## WHAT TO PRODUCE
Only the lines from the one with "Naga Madhavan" through the final line below belong in the answer, copied exactly and without pictures.
Start of SOURCE DATA
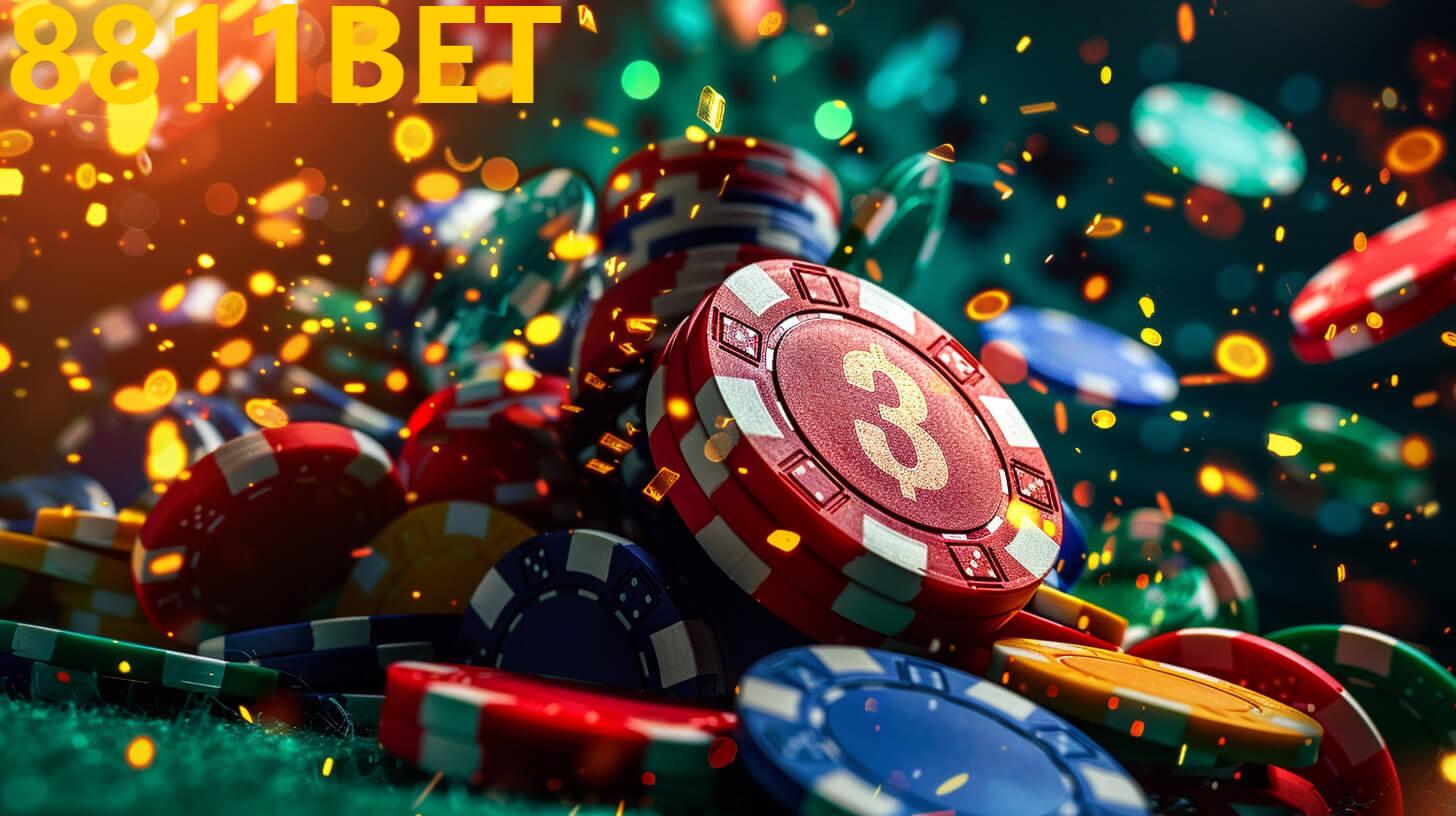 8811BET.COM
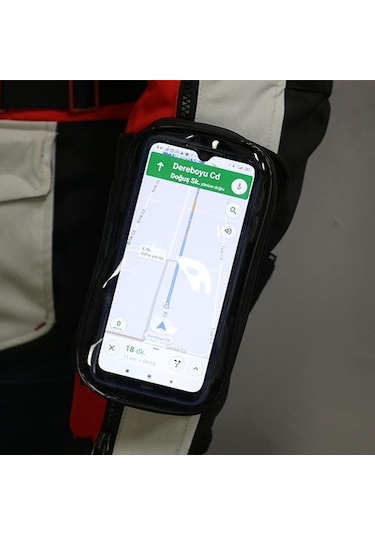 Vexo V11 Telefon Tutucu Kol Bağlantılı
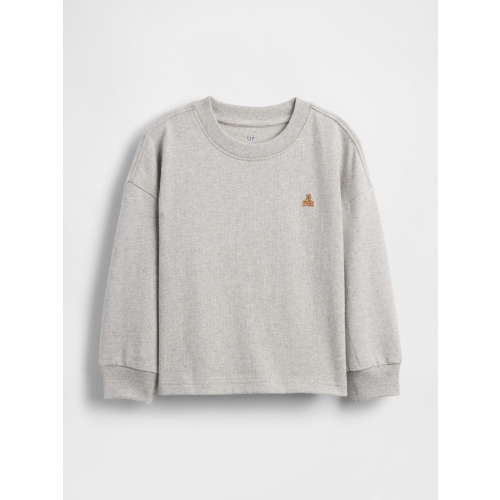 Baby & Toddler Heavyweight T-Shirt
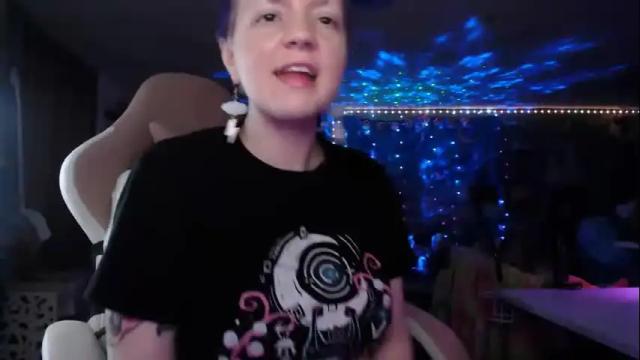 Image 8 of nerdy_squirty Stream on Chaturbate on 4 months ago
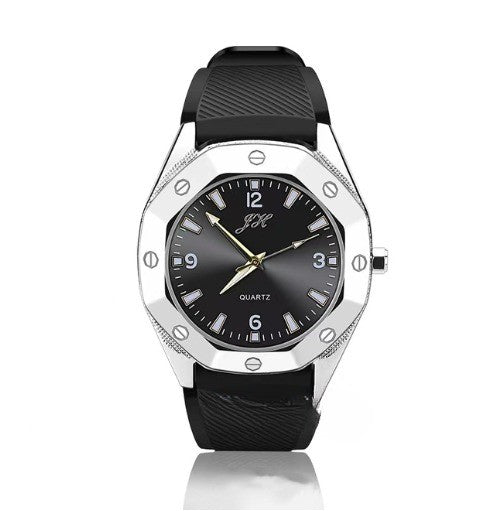 Norvo | Kreativ USB-lading flameless gnist lighter klokke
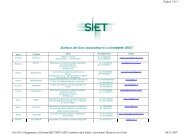 Pagina 1 di 5 04/11/2007 file://H:\Collegamento a Desktop\SIET ...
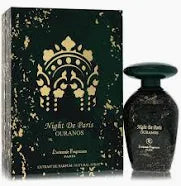 NIGHT DE PARIS OURANOS BY L'ORIENTALE FRAGRANCES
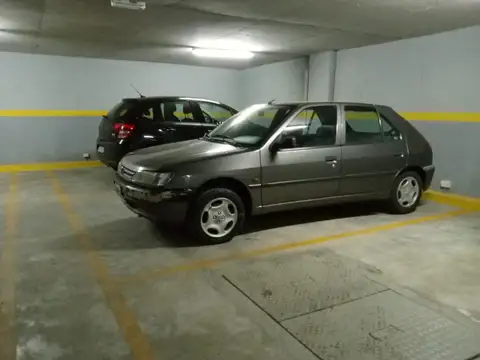 Cochera en Venta Fija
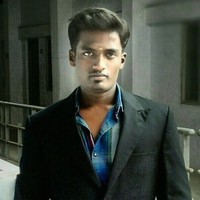 Naga Madhavan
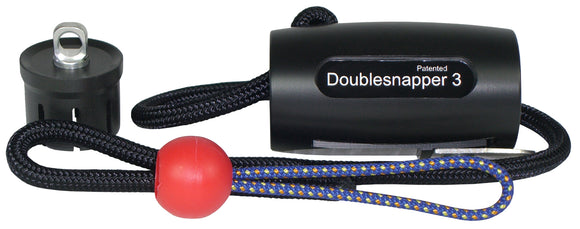 ART Rope Guide Double Snapper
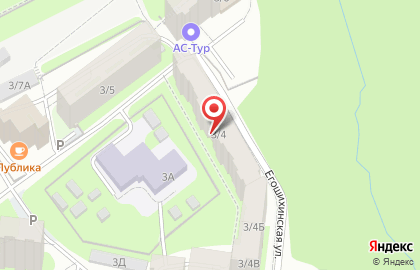 ЗаМультиваркой на карте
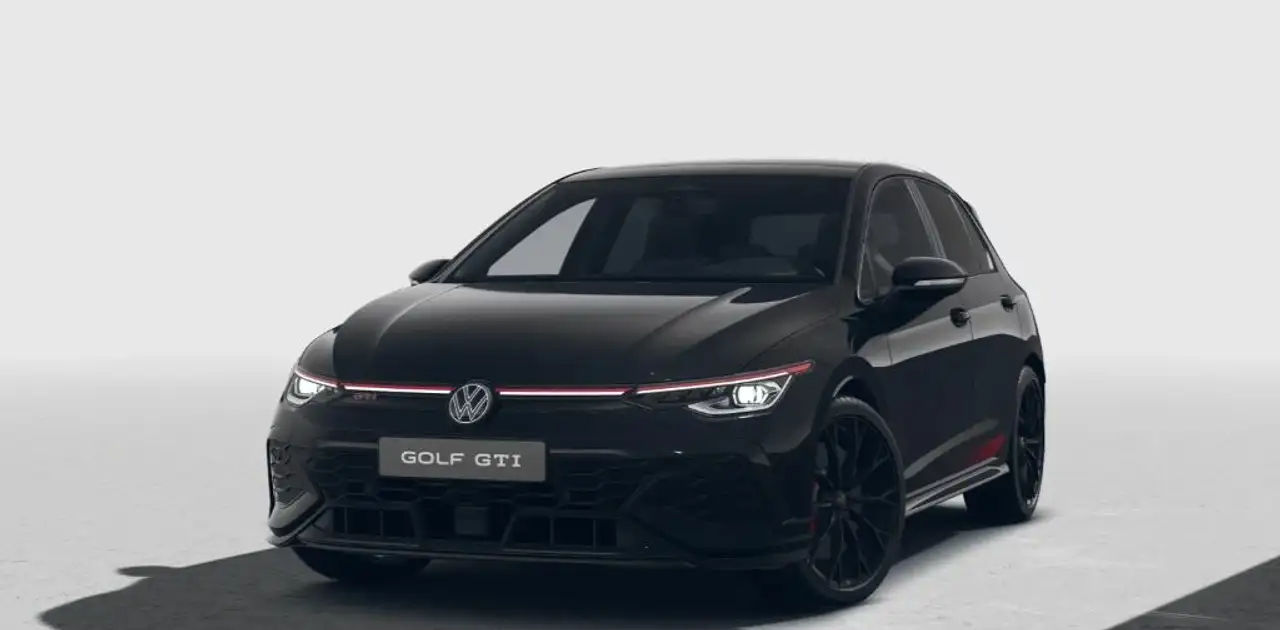 Volkswagen Golf 2026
End of SOURCE DATA
## EXERCISE RESULT
 Naga Madhavan
 ART Rope Guide Double Snapper
 ЗаМультиваркой на карте
 Volkswagen Golf 2026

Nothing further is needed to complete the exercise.